Historians on Hamilton, How a Blockbuster Musical is Restaging America’s Past

Renee C. Romano and Claire Bond Potter, editors

Rutgers University Press, New Brunswick, 2018, 399 pp.

By Nancy Spannaus

Aug. 2, 2018—While I did not have very high hopes for this book of essays critiquing the Lin-Manuel Miranda’s musical Hamilton, I did not expect to find such a concerted set of attacks on not only Alexander Hamilton himself, but also historian Ron Chernow and the whole school of historians who positively assess the role of the “dead white European males” who led the world-historical battle to establish the American Republic. It was an eye-opener, to say the least, and rather disheartening when one considers that many of these historians are shaping the minds of the nation’s youth in our universities.

Fortunately, according to many accounts, the impact of the musical—the content of which I myself critiqued months ago–continues to be a positive one, spurring a wave of popularity for Hamilton’s writings (such as the Federalist Papers), and hopefully the study of his ground-breaking economic policy papers as well.
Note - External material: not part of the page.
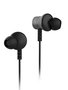 Elbe AU-P20-MIC Écouteurs intra-auriculaires avec microphone, contrôle intégré et compatibilité smartphone - Noir/Argent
If biographies are also in the mix, I would hope that Forrest McDonald’s Alexander Hamilton is at the top of the list.

Yet, clearly the strain of thought expressed in this volume of essays, fifteen in all, deserves to be answered. Were Hamilton himself alive, he surely would have jumped avidly into the fray. As it is, I can think of no better way to deal with these critiques than to call upon Hamilton’s own words and thoughts, in hopes of adequately reflecting his arguments against the historians’ attacks and misstatements. I certainly can’t purport to replicate his thought, or even to agree with him on every matter. But since some of the criticism almost precisely echoes that of his contemporary opponents, some rejoinders are readily at hand.

Debt and Corruption

Setting the tone of the attack is the lead article of this volume by William Hogeland, an unabashed critic of Hamilton’s life’s work in establishing the American economic system. This author obtained further insight into Hogeland’s thinking during a presentation he gave at Federal Hall in New York City on July 12, where he referred to Hamilton’s plan to pull the nation together with his economic system as a “scheme.” Hogeland argued that Hamilton’s “scheme” was to combine the wealthy class, with the government and the military, to form a powerful bloc which would serve the interests of the wealthy. When one member of the audience asked if he would consider Hamilton to be a proto-fascist, Hogeland demurred, ultimately saying that was a thought worth pursuing.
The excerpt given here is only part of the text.